I would love to do it I am in TN. though. What equipment are you considering. I would ask on this forum someone local will help.


----------



## zemone (Mar 4, 2012)

Thanks for the reply. I would love to find an experienced installer willing to help.

for front components I've been looking at the morel elates but haven't purchased anything yet. There are so many options out there. My local dealers primarily push hertz/audison. I've listened to the milles and they just didnt sound right to me. I keep hearing the Voce are great but none of the dealers have any setup for audition. Plus they all keep pushing the av5.1k for power which is a little pricey.
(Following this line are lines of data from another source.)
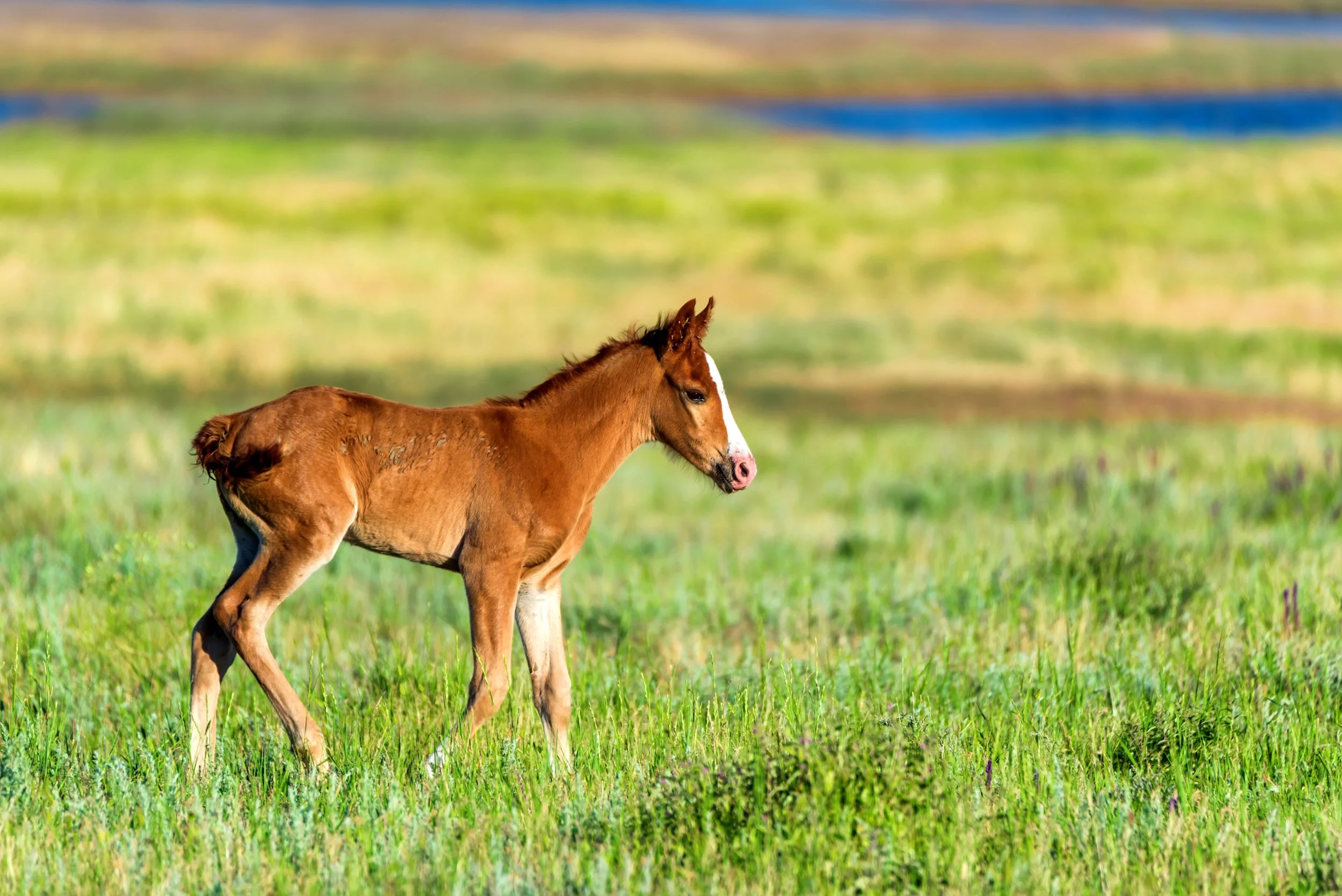 New Test May Help Veterinarians Identify Life-Threatening Hormone Dysfunction in Sick Foals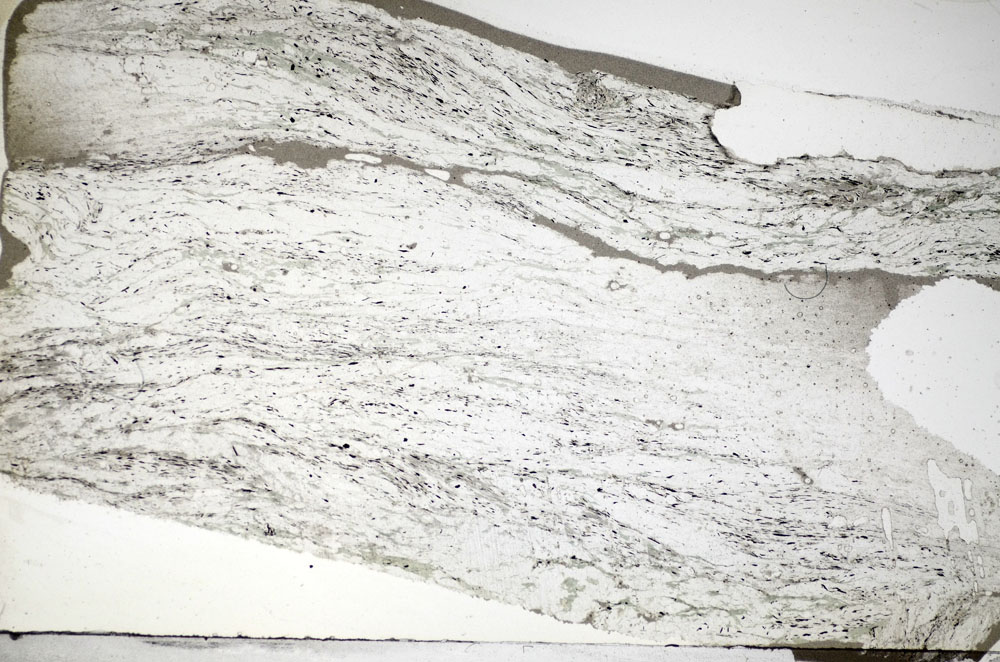 Plane Polarized, S84131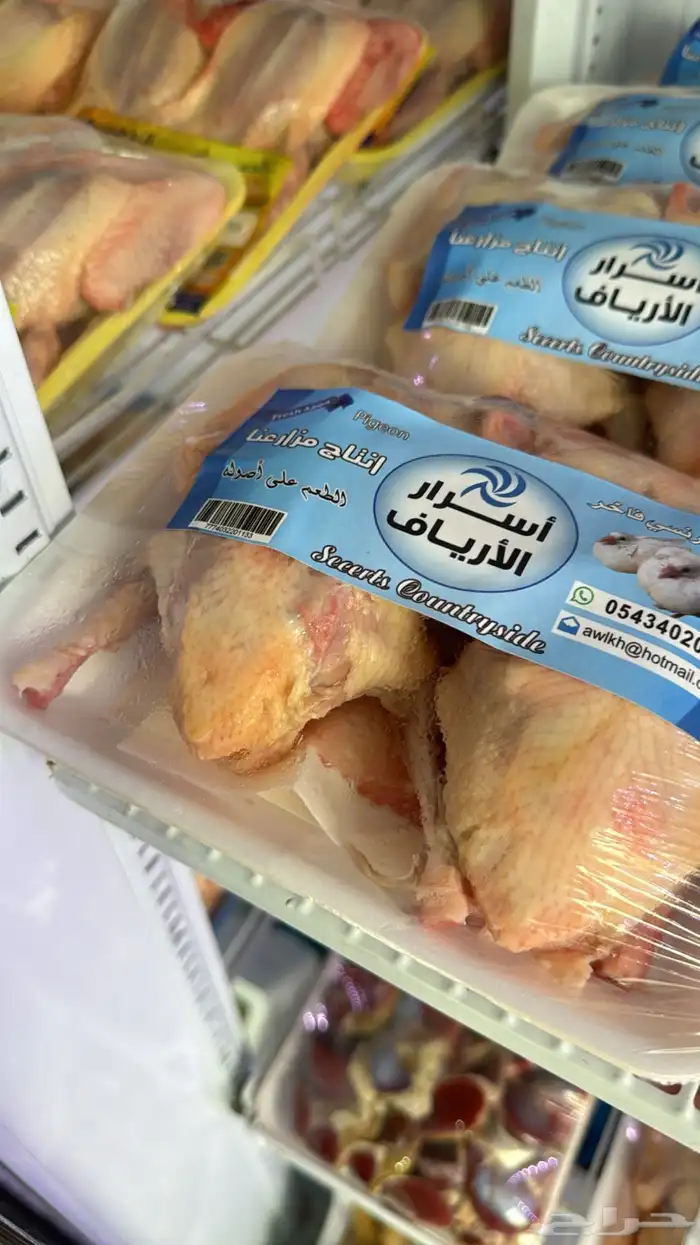 زغاليل حمام فرنسي بط سمان بيض بلدي ارنخضار مقطعه لوازم كشته 0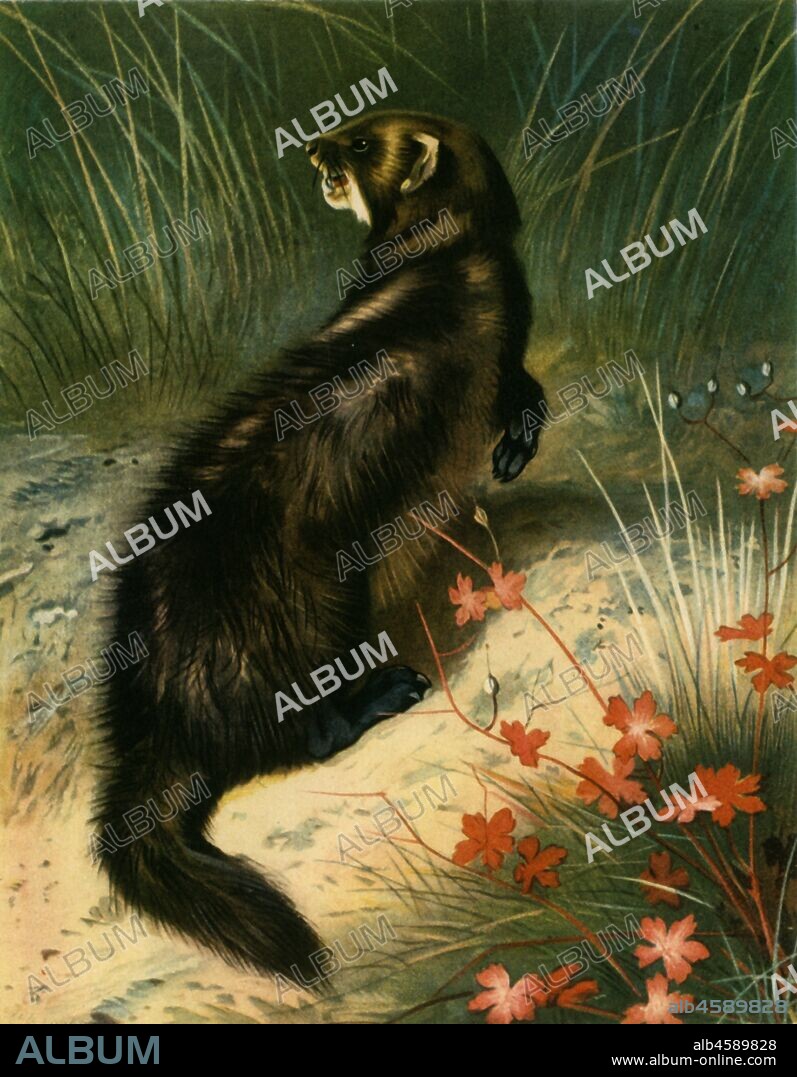 ARCHIBALD THORBURN. 'Polecat', c1905, (1943). From "Mammals of Great Britain and Ireland" by John Guille Millais. [1904-1906]. Published in "Wildlife of Britain', by F. Fraser Darling. [Collins, London, 1943].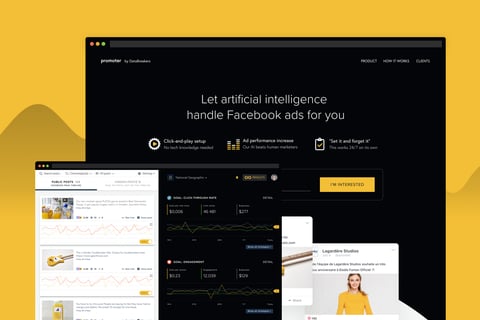 Databreakers | Marketing Optimization with AI project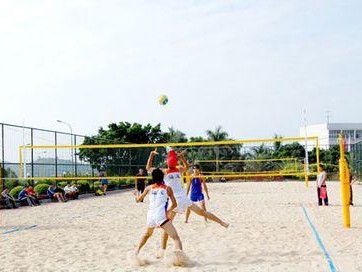 沙滩排球和室内排球的动作要领（掌握沙滩排球和室内排球的技巧，享受比赛乐趣）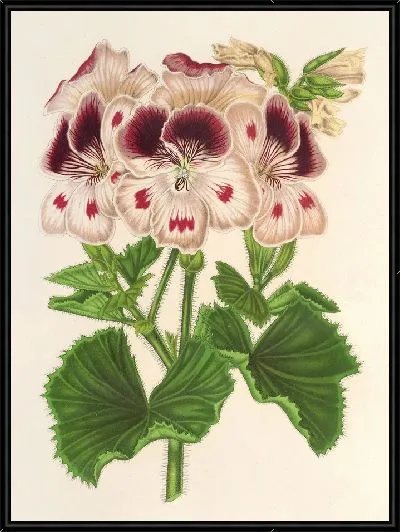 Картина Пеларгония (des Fleuristes) а.о. ремонтанты, Воспоминание о Вильгельме (1854-1896)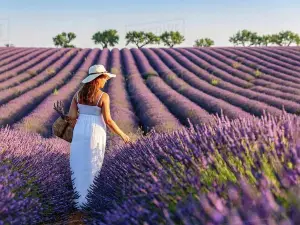 Provence and Lavander - Shared & Guided Full Day Tour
Ive asked for other options and one place said the hertz hdp5 would work and the other said don't bother. A friend of mine mentioned the Butler amps and said he's heard them and really liked them. But I don't have any way to listen.

I'm trying to stay simple with good sq and try to keep as much as possible hidden. I was thinking active setup using a bit ten with a two way set of 6.5 components. Sub as well but haven't dug into that yet. Trying to keep this project respectable on the cost front. I've read the forums that the morel ultimo sub is great but prob out of my range. Looking for fast and accurate and no Tubby/muddy sound.

All that said any advice would be appreciated.


----------



## dogsbark26 (Feb 10, 2009)

Where in Illinois are you? I have no experience except doing my own but Illinois is a big place and if you are seeking someone local it might help others to know how close they are to you.


----------



## zemone (Mar 4, 2012)

I'm in the west burbs of Chicago but willing to drive within a couple hours if I can find an experienced installer. My biggest concern is the install and tune. From all the research on these boards and talking with local folks, the tune seems to be the biggest factor - maximizing what the system can do. Some of the places by me didn't even want to touch the tuning so I quickly exited.


----------